● PROVIDED DATA
* * * * *
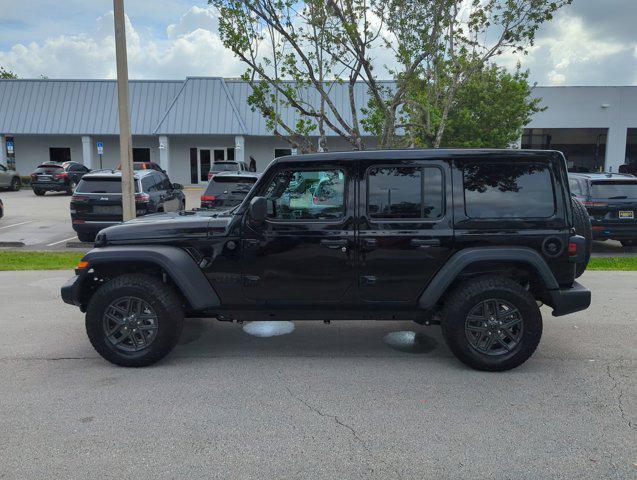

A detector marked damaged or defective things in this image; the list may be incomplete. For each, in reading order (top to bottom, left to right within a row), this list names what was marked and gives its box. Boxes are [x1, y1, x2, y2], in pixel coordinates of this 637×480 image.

pavement crack [284, 384, 400, 478]
pavement crack [604, 366, 632, 430]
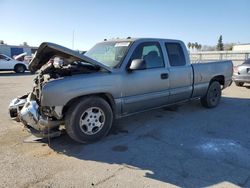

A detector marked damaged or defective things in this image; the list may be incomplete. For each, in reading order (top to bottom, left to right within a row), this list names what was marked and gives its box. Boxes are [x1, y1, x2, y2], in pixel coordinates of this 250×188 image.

bent hood panel [28, 42, 112, 72]
damaged pickup truck [8, 37, 233, 142]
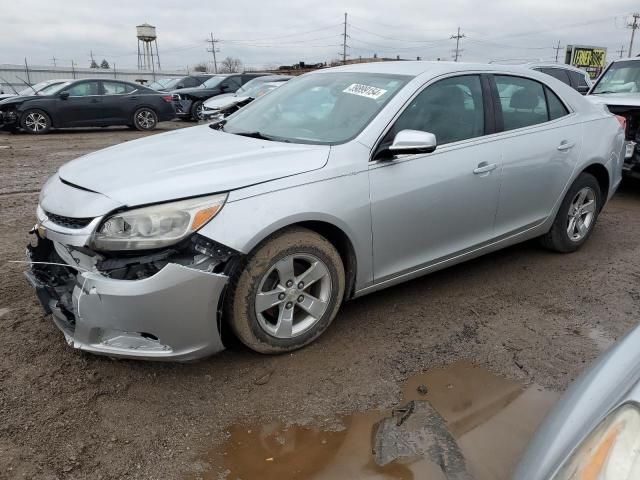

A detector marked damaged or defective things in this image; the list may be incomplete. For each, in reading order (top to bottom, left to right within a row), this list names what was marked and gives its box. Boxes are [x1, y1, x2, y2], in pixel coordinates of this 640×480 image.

broken headlight assembly [90, 192, 228, 251]
damaged front bumper [28, 234, 232, 362]
broken headlight assembly [552, 404, 640, 478]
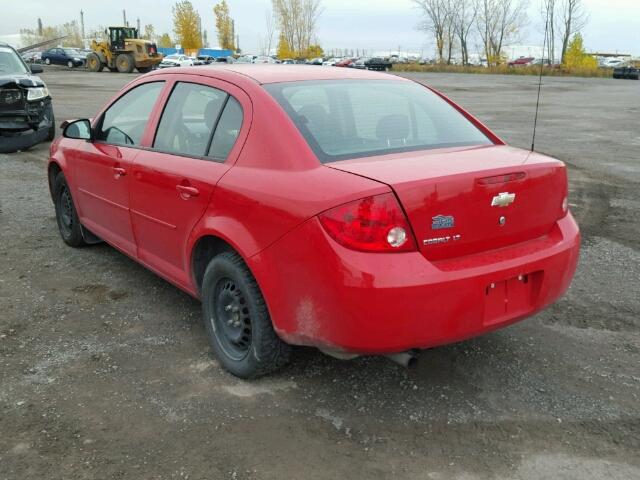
* * * * *
● EXERCISE GOAL
Could you please write out the entries exactly as they are, with every picture left out?

● SOLUTION TO THIS PROBLEM
A detector marked damaged or defective things in this image; the list may be incomplete. For each, in reading order (top to bottom, left to right within a row), this list names what was marked and gives its box. Boxes are [x1, y1, x2, y2], in pixel coordinates of this 637×480 image.

pavement crack [284, 384, 400, 478]
pavement crack [604, 366, 632, 430]

A detector marked damaged or defective things in this image; the list may be incomplete. For each, in reading order (top to bottom, left to right within a row), this list names what was marked and gives its box. Boxes are [x1, y1, x2, y2], in pixel coordinates of this 250×188 image.

bent hood panel [28, 42, 112, 72]
damaged pickup truck [8, 37, 233, 142]

A detector marked damaged or defective things in this image; the list may be incomplete. For each, in reading order (top to bottom, left to right within a row), this list names what was marked and gives its box. Boxes are [x1, y1, x2, y2], in pixel coordinates of this 640×480 image.

broken headlight assembly [90, 192, 228, 251]
damaged front bumper [28, 234, 232, 362]
broken headlight assembly [552, 404, 640, 478]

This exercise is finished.